The introduction of these tours comes on the heels of the Japan National Tourism Organization’s plans to tap the South-east Asian Muslim market (TTG Asia e-Daily, October 8, 2012), following a rebound in visitor numbers from Malaysia and Jakarta over the past 12 months

“Japan is a completely novel destination for Muslim consumers. Not many Muslim tourists (from Singapore) have ventured (to Japan) as there’s a misconception that there’s a lack of halal dining options and facilities that cater to Muslims in Japan,” said the company’s general manager, Abdul Rahim.

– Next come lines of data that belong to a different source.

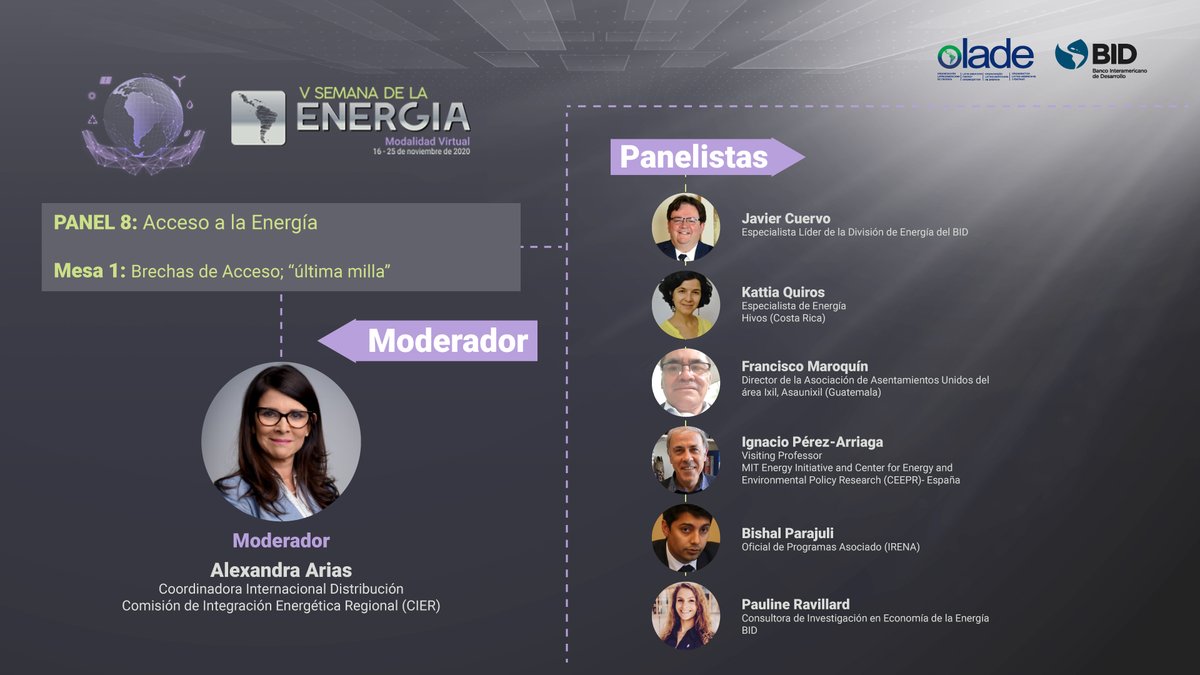 OLACDEORG's tweet photo. ⚡#SemanaEnergia2020 #Panel8 ⚡
📣#NoTeLaPierdas
📣Hoy acompáñanos en la Mesa: Acceso a la Energía
🕤 09:00 (hora Quito, Ecuador GMT - 5)
🎥🔴 Síguenos en #vivo ⬇️
https://t.co/q1SMWFXMWQ
👇Conoce nuestros panelistas: https://t.co/27cJ6qO5M2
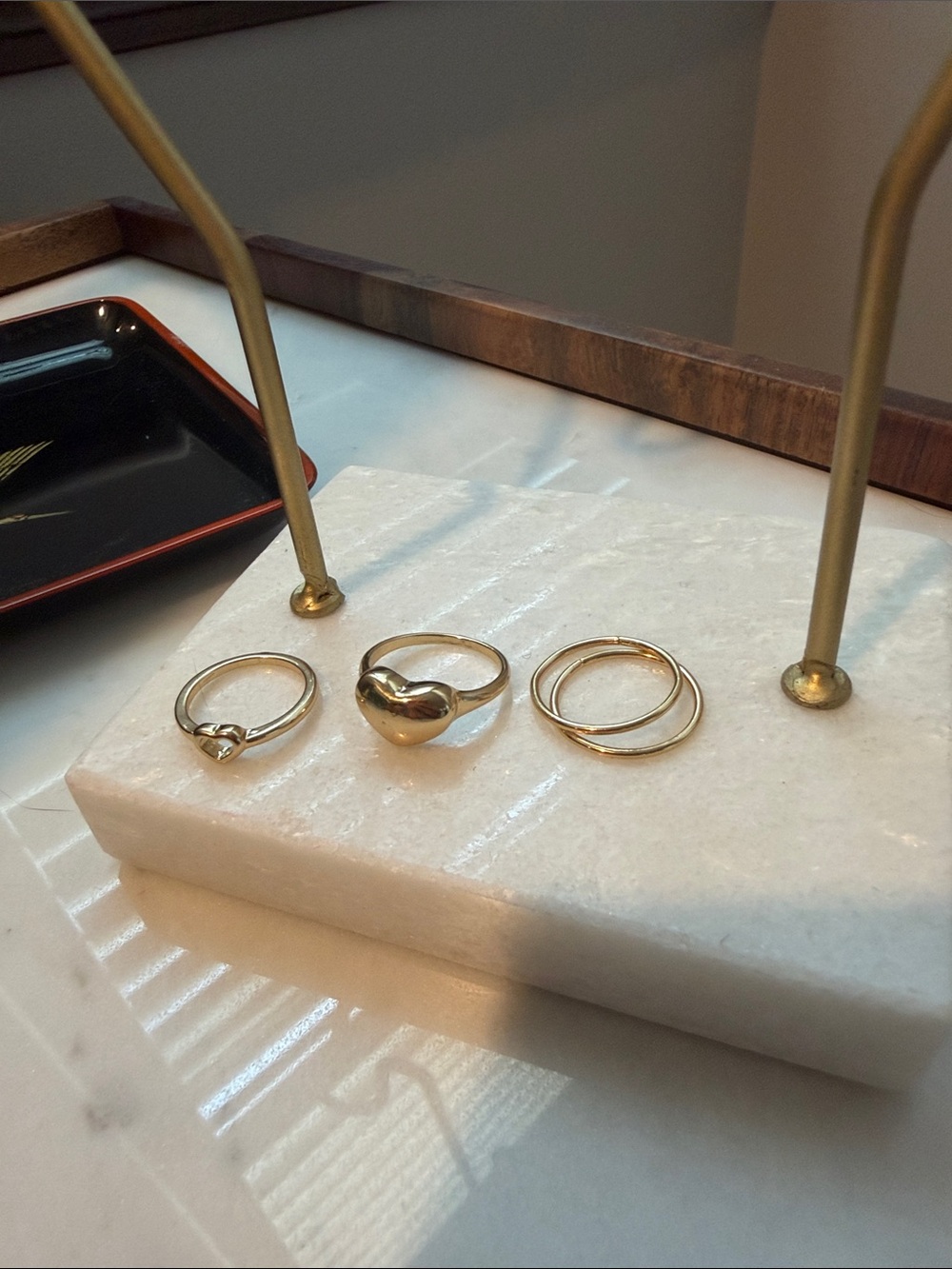 Gold Heart and Stackable Ring Set - Women Jewelry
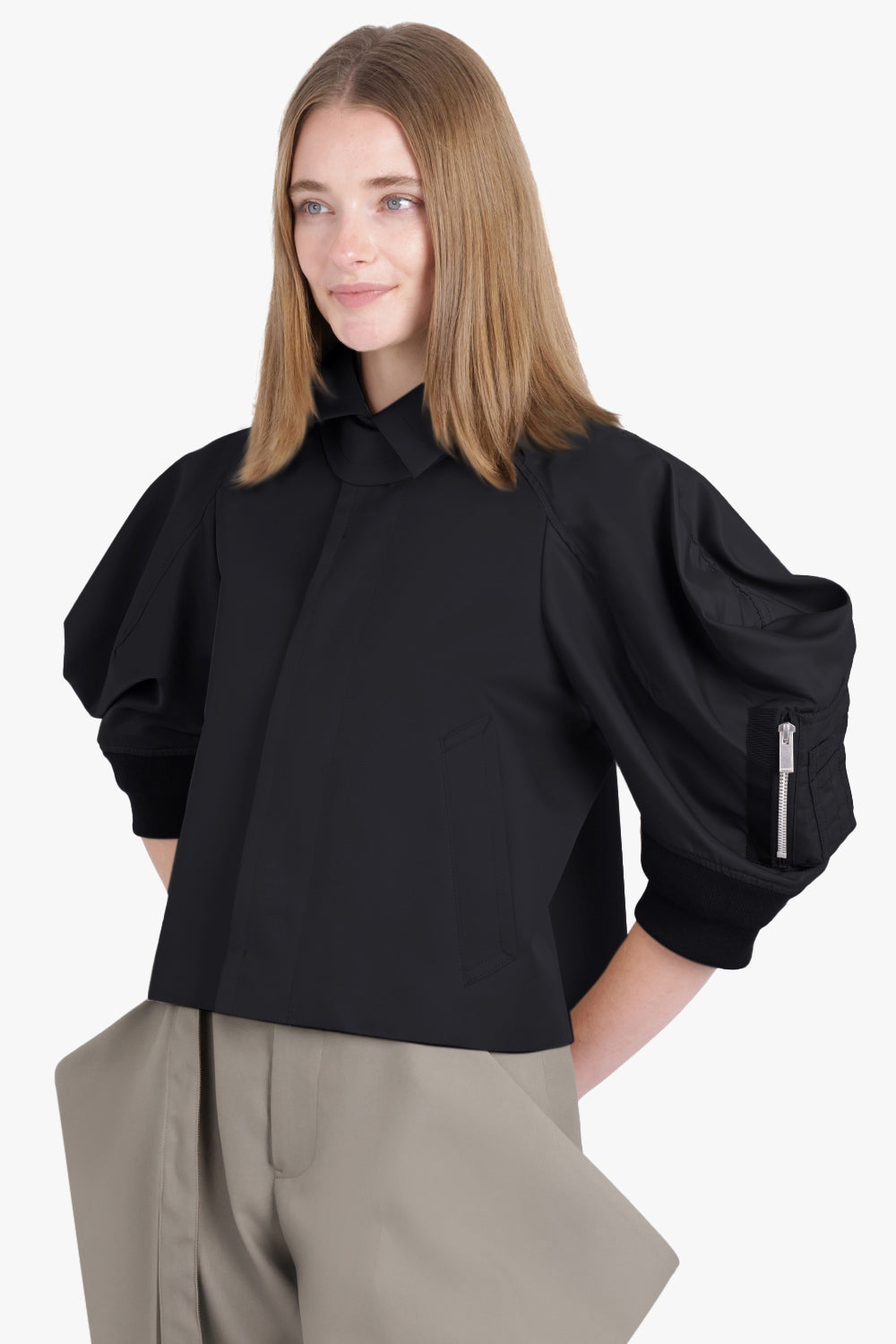 Contrast Jacket With Exaggerated Wing Sleeve | Black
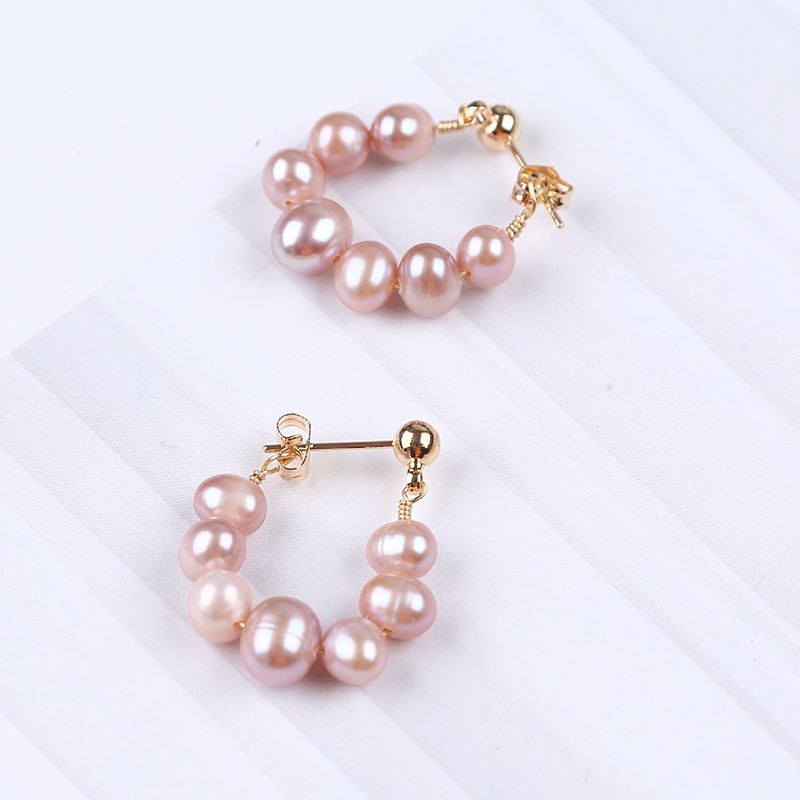 Khuyên tai ngọc trai tự nhiên thời trang Châu Âu đơn giản cho nữ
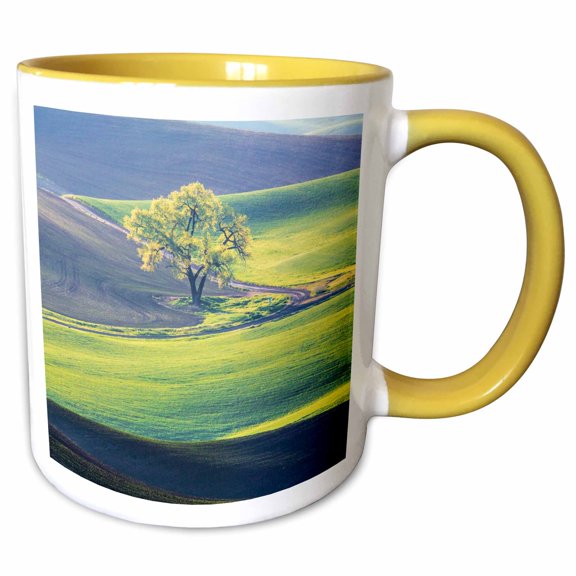 3drose, Usa, Washington State, Palouse, Lone Tree in Wheat Field, 11oz Two-tone Yellow Mug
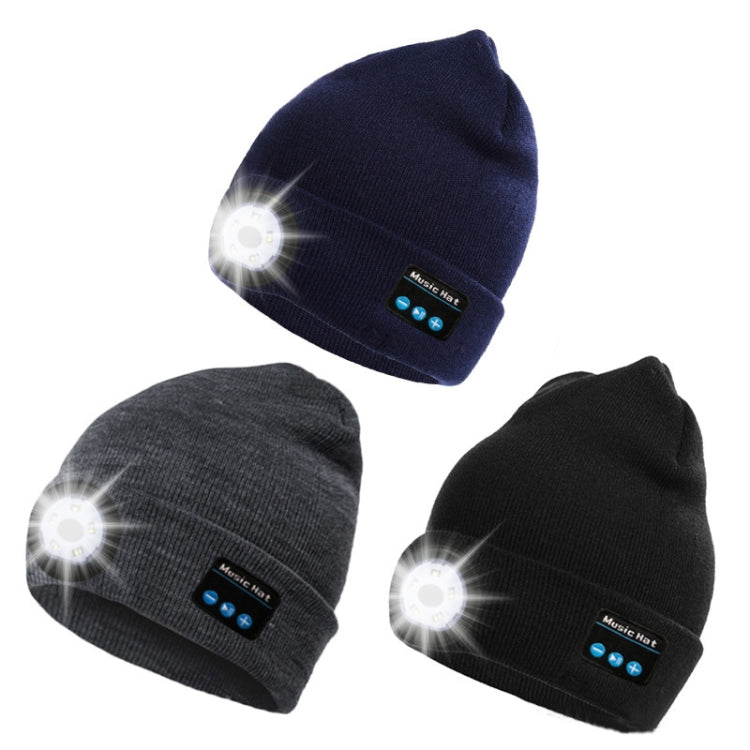 M1-BL LED Glowing Bluetooth Music Hat Wireless Call Night Running Hat(Black) Eurekaonline
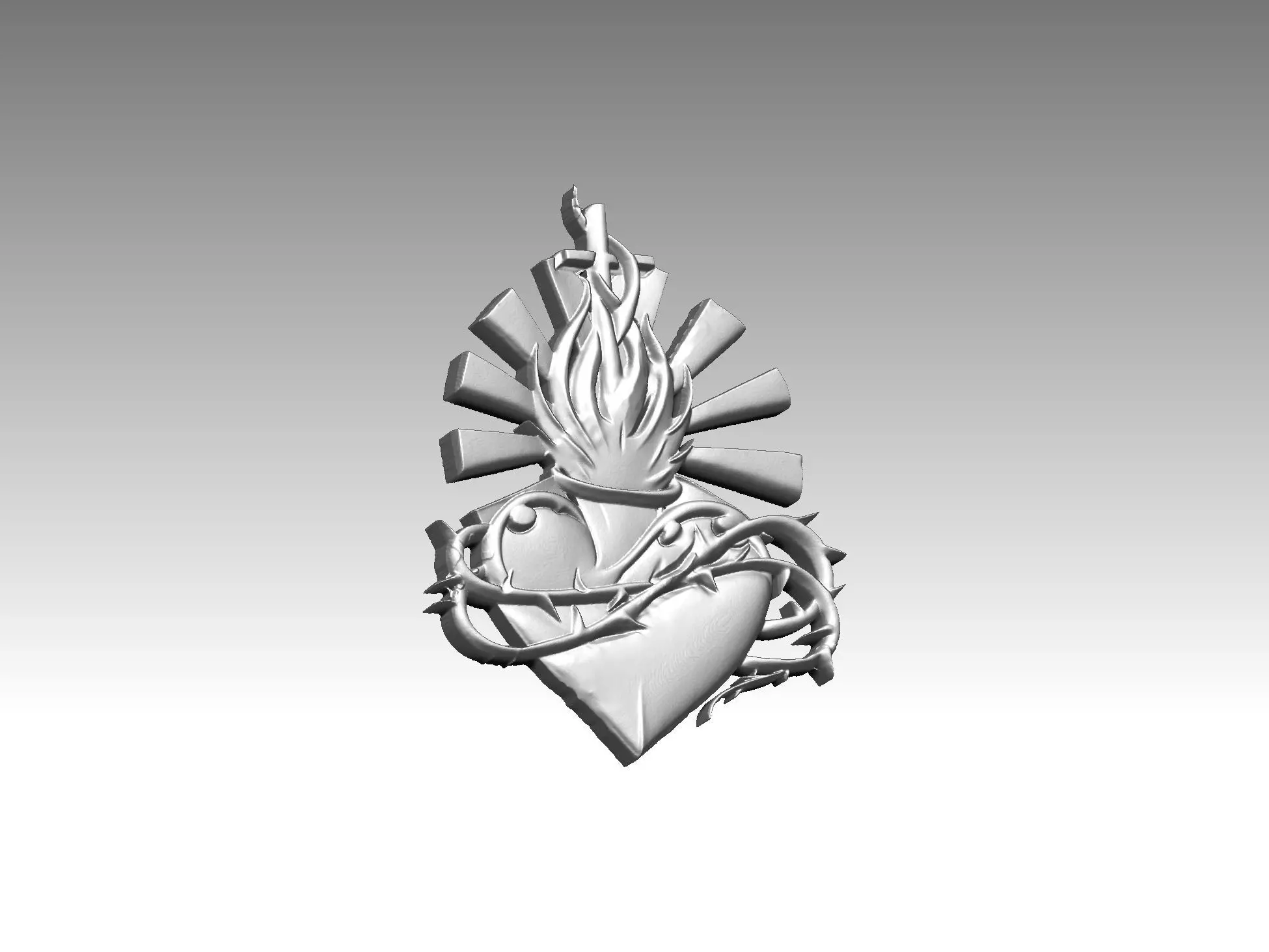 heart cross relief 3D print model_4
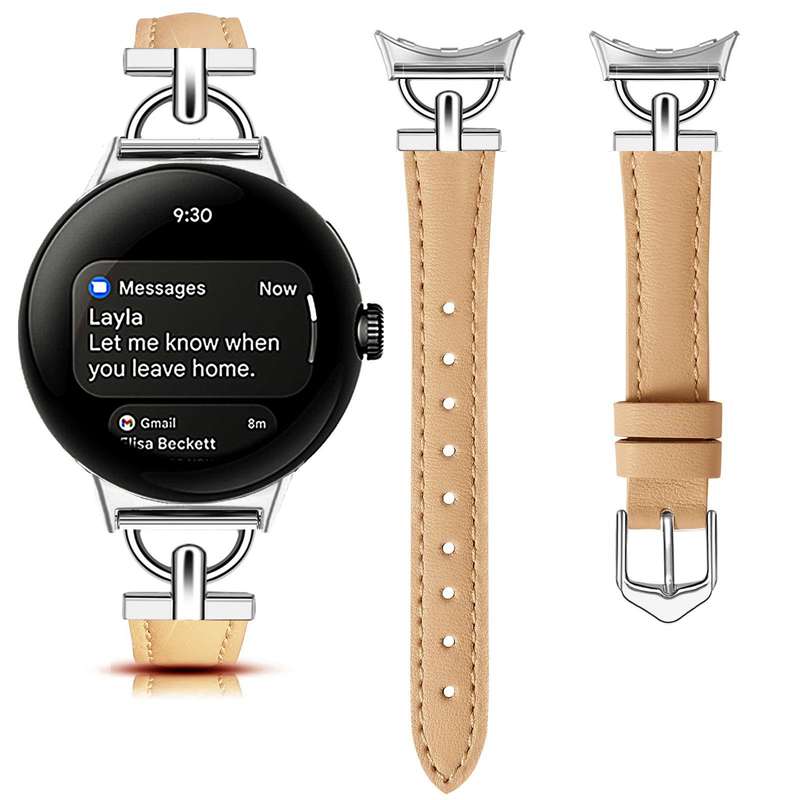 For Google Pixel Watch 1 / 2 / 3 41mm D-shaped Metal Slim Waist Leather Watch Band(Light Pink)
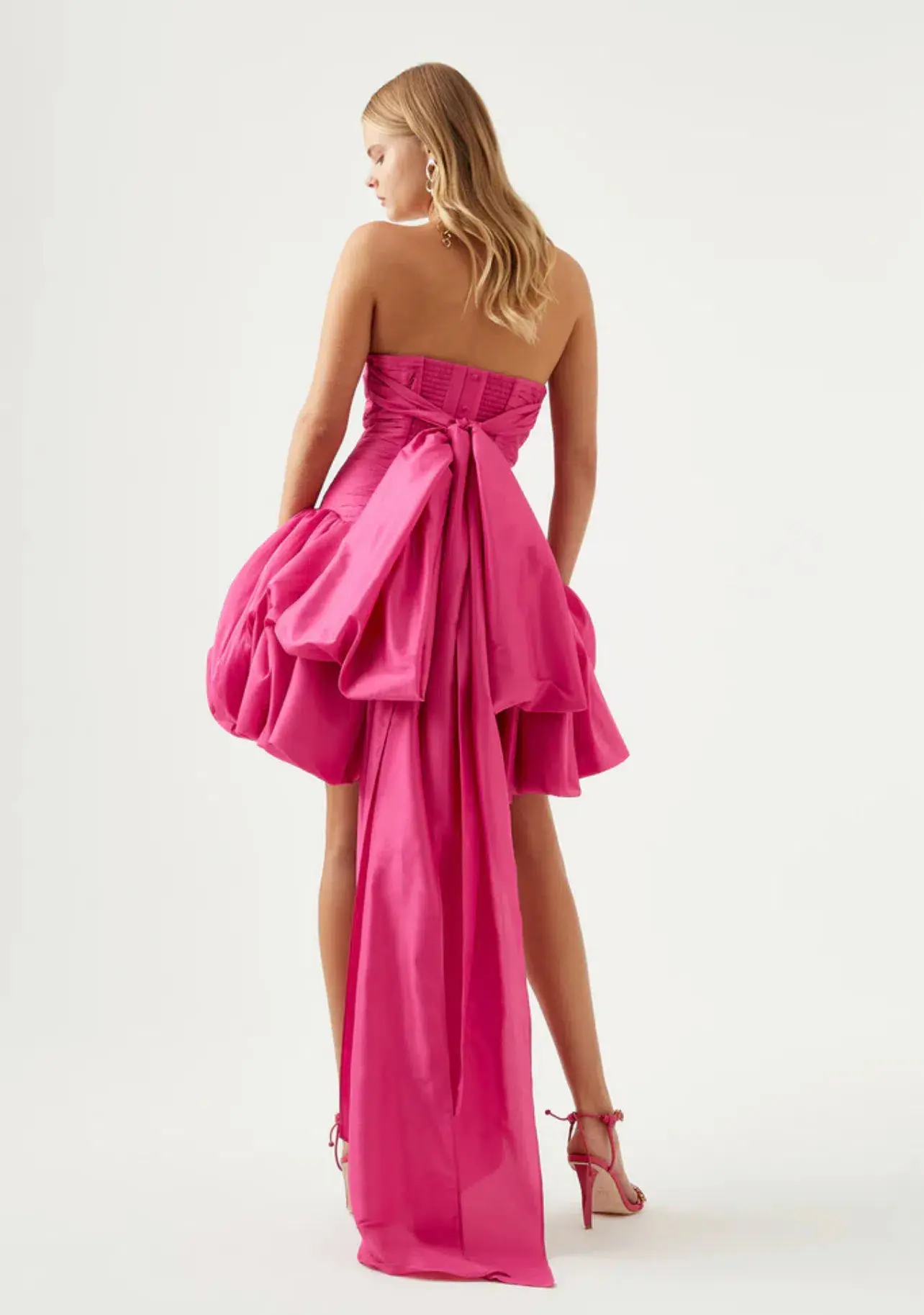 Aje  Piacere Bubble Hem Mini Dress Fuchsia Size 10 / M - Image 3
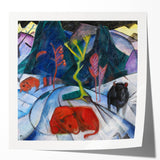 Expressionist Winter Scene – Vibrant Red Bison Abstract Canvas Art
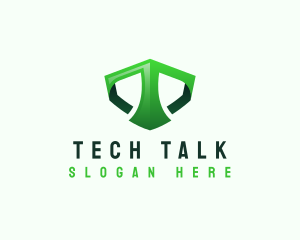 Shield Tech Digital Letter T logo design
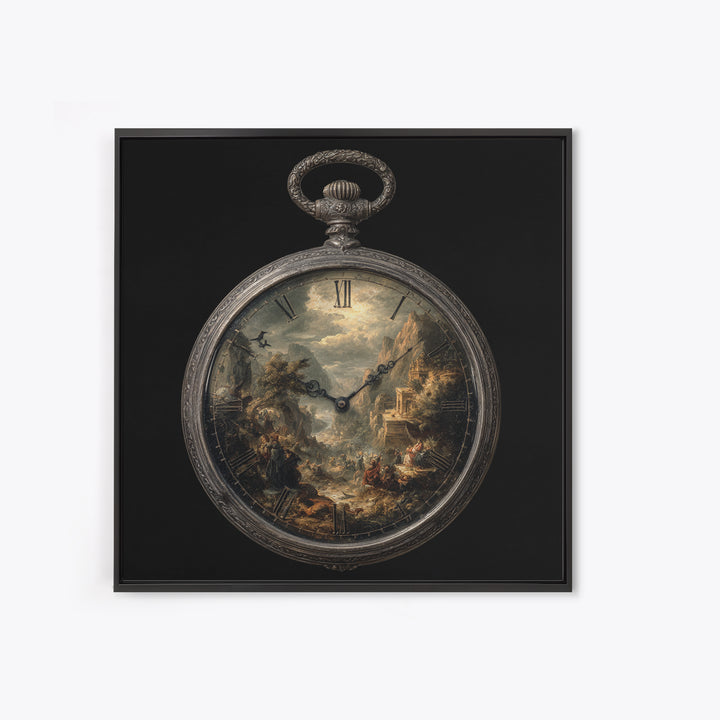The Cursed Pocket Watch, Baroque Witchcraft Art, Square Wall Art, Dark Halloween Decor, Canvas Print, Halloween Wall Art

“However, I firmly believe that there’s a lot of pent-up demand. Japan offers something very different from other Asian destinations in terms of culture and landscape, making it highly appealing to Muslim travellers.”

TM Fouzy Travel & Tours currently retails two separate seven-day group tours to Japan. One encompasses the Golden Route, taking travellers through Tokyo, Osaka, Mount Fuji and Hakone; while the second combines Tokyo and Hokkaido.

Priced at S$2,025 (US$1,655) per pax, the tours include flights with Garuda Indonesia, four-star accommodation, as well as all entry fees to attractions and halal meals. Malay- and English-speaking guides will lead the tours, comprising of an average of 30 pax each. Travellers will also have the opportunity to meet Muslim families and imams in Japan to find out more about the Islamic way of life there.

“If these tours are successful, we will market them to other Muslim specialists in Singapore. We are looking to sell B2B free-and-easy packages to Japan in the near future, and also offer itineraries to Yokohama, Kanagawa, Okinawa and Kyushu,” said Rahim.

He projects that this arm of the business will generate around 500 customers a year.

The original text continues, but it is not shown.